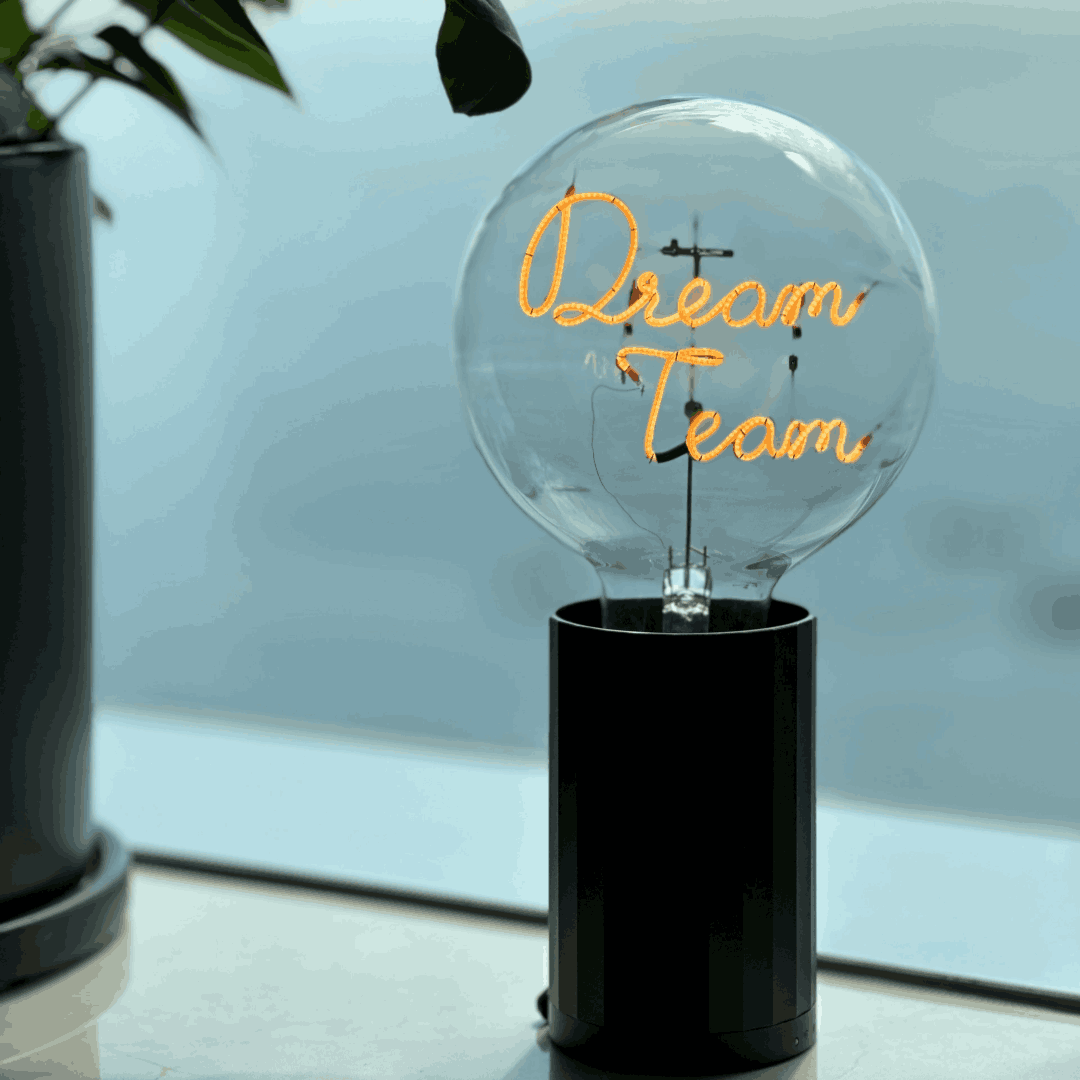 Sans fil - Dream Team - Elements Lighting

════════════════════

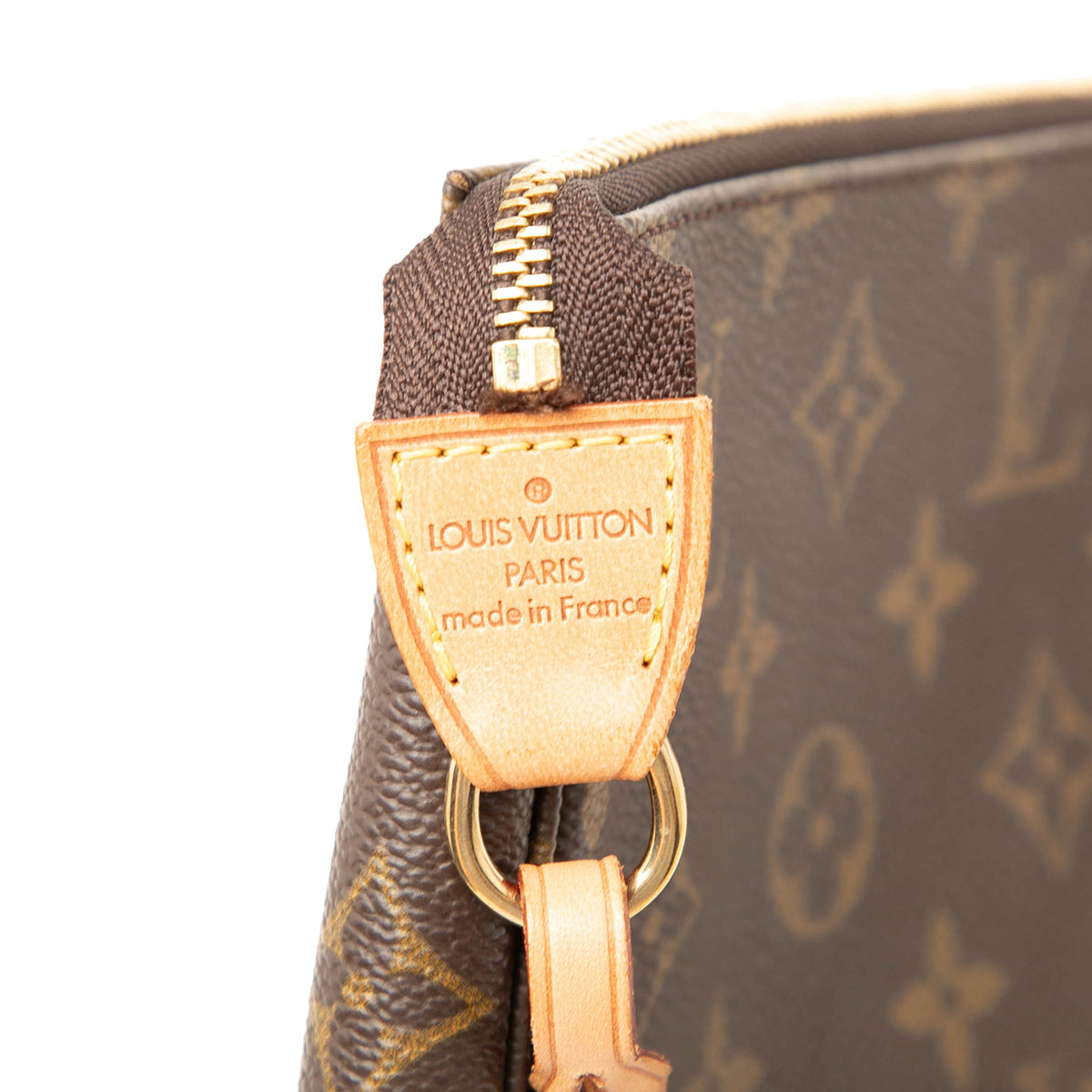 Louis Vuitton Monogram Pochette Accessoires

════════════════════

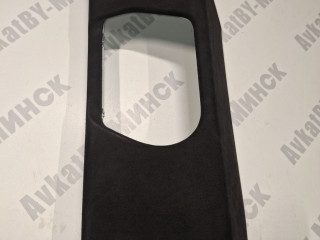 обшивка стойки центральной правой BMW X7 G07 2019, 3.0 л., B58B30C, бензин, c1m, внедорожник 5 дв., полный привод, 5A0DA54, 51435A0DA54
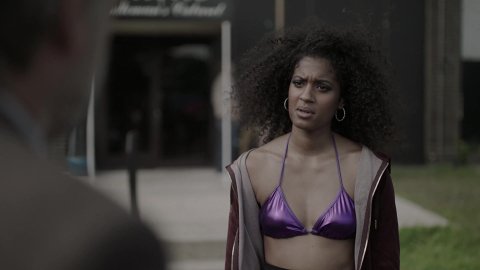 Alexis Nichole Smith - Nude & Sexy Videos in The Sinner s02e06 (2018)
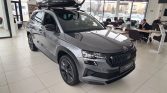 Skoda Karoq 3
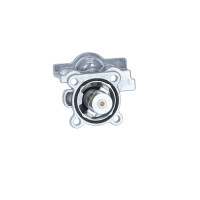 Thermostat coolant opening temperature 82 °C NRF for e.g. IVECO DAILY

════════════════════

Would you print exactly the lines in the listing above, from the line bearing "Alexis Nichole Smith" through the line bearing "Thermostat coolant opening", leaving out all pictures?

TASK OUTPUT
 Alexis Nichole Smith - Nude & Sexy Videos in The Sinner s02e06 (2018)
 Skoda Karoq 3
 Thermostat coolant opening temperature 82 °C NRF for e.g. IVECO DAILY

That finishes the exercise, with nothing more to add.